Christmas in Italy 2026: The Presepe, the Befana, the Feast of the Seven Fishes, and the Traditions That Run From December 8 to January 6
Autore: La Redazione di www.tourleaderpro.com
Last updated: April 2026.
The Italian Christmas season runs from December 8 (the Feast of the Immaculate Conception — the official ecclesiastical start of the Advent season in Catholic Italy and the day when Christmas decorations traditionally go up) to January 6 (the Epiphany — the Befana's arrival, which is the more important children's gift day in Italian tradition than December 25 itself). This 30-day arc has a specific internal structure — the eight days of the Novena di Natale before December 25 (the prayers at the presepe, the zampognari bagpipe players in the streets of southern cities), the specific Christmas Eve dinner of the vigilia, Christmas Day itself, and then the building anticipation toward the Epiphany — that is entirely different from the single-peak December 25 holiday culture of northern Europe and North America.
Understanding this structure does not merely satisfy cultural curiosity; it directly affects how you experience an Italy visit in December. The specific atmospheric peaks of Italian Christmas are not December 25 (when most of Italy is at home eating with the family, the streets are empty, and the visitor encounters a lovely but quiet city) but the pre-Christmas period (the markets, the Novena, the presepe visits) and the Epiphany (the Befana fairs, the Three Kings processions in certain Italian cities, the specific festivity of the "last day of Christmas").

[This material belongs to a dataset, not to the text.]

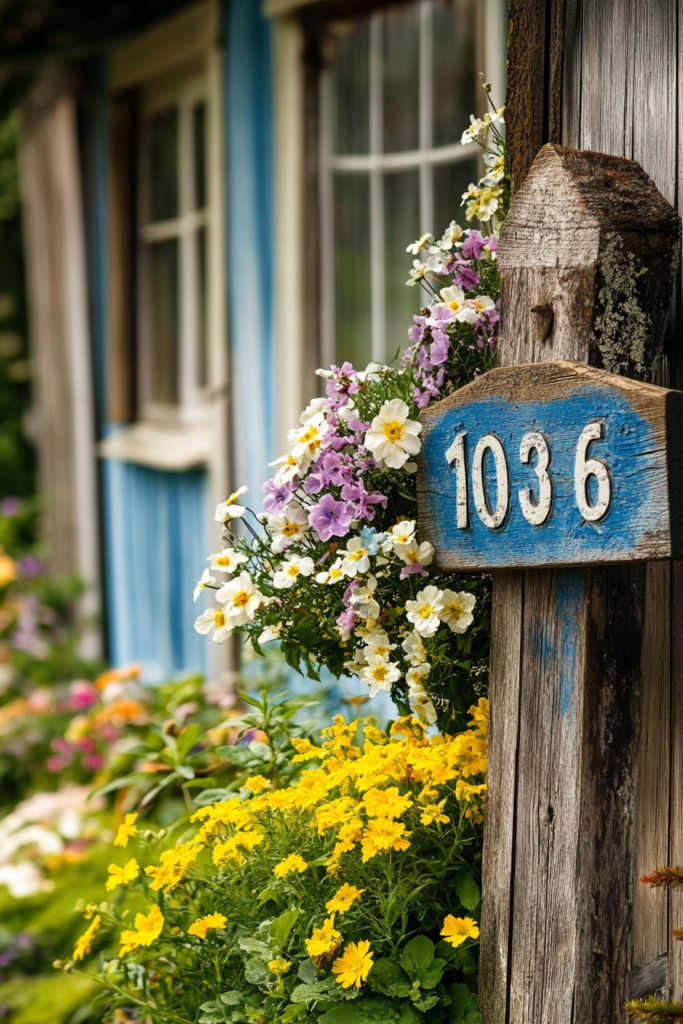 7. Hand-Painted Florals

The Italian Christmas: Traditions in Detail
The Presepe: Italy's Defining Christmas Tradition
The presepe (nativity scene) is the central Italian Christmas tradition — invented, according to Catholic tradition, by Saint Francis of Assisi at Greccio in Umbria on Christmas Eve 1223 (when he organized a live-animal, real-person nativity scene in a cave above the village — the first "living nativity" in Christian history). The Italian presepe tradition is unbroken from this origin: every Italian family sets up a presepe in the home; the most elaborate are the Neapolitan presepi of the Via San Gregorio Armeno (the street in the Spaccanapoli quarter of Naples, where artisan workshops produce the terracotta presepe figures year-round — the most celebrated and most technically elaborate nativity scene tradition in the world). The Neapolitan presepe includes not just the Holy Family but the entire 18th-century Neapolitan marketplace — fishmongers, wine sellers, washerwomen — surrounding the central sacred scene. The Via San Gregorio Armeno in December: every workshop is lit, every figure available for purchase, and the street is perpetually crowded.
The Feast of the Seven Fishes (Vigilia di Natale)
The Christmas Eve dinner (la cena della Vigilia) is in Italian Catholic tradition a meatless meal — the abstinence before the Christmas Day feast. In practice, the Italian vigilia is an elaborate fish dinner of seven courses (the number seven has symbolic significance; the specific dishes vary by region but always include: the baccalà, the salt cod; the anguilla, the eel; some form of shellfish; the spaghetti alle vongole or similar pasta; and additional fish dishes to reach seven). The Neapolitan tradition is the most elaborate and the most historically specific; the southern Italian immigrant communities in the United States carried this tradition to America, where the "Feast of the Seven Fishes" has become an Italian-American Christmas tradition with its own specific American elaborations. In Italy: every coastal city has its specific version; in landlocked cities, the vigilia fish dishes are still prepared but sourced from the daily market rather than the local sea.
The Befana and the Epiphany (January 6)
The Epiphany (January 6) is in Italian tradition the culmination of the Christmas season — the day when the Magi arrived at Bethlehem, and the day when Italian children receive their gifts from the Befana, a folkloric figure of an old woman who travels on a broomstick to fill stockings hung by the fireplace. The Befana gives candy and gifts to good children, coal (or the confectionery version, the "carbone della Befana") to bad ones. The Epiphany is a national public holiday in Italy; the Befana fairs (the Piazza Navona market peaks on January 5-6; the Three Kings procession in Milan on January 6 is one of the largest in Italy) mark the end of the Italian Christmas season. The Italian saying: "L'Epifania tutte le feste porta via" (the Epiphany takes all the holidays away) — on January 7, Italy returns to normal working life.
Q&A: Christmas in Italy
Is Italy good to visit at Christmas?
For specific Italian Christmas experiences (the presepe, the Befana markets, the specific atmosphere) — yes, uniquely so. For general sightseeing — yes, with reduced crowds at museums and monuments in the periods between December 26-29 and January 2-5. For the Christmas atmosphere of open shops and daily Italian life — partially: the December 24-26 and January 1 closure of most non-tourist services requires planning. The specific recommendation: arrive before December 23 to experience the pre-Christmas atmosphere at its peak; stay through January 6 if possible to experience the Epiphany; avoid the December 27-30 period only if you specifically dislike hotel prices 2-3× above the seasonal norm.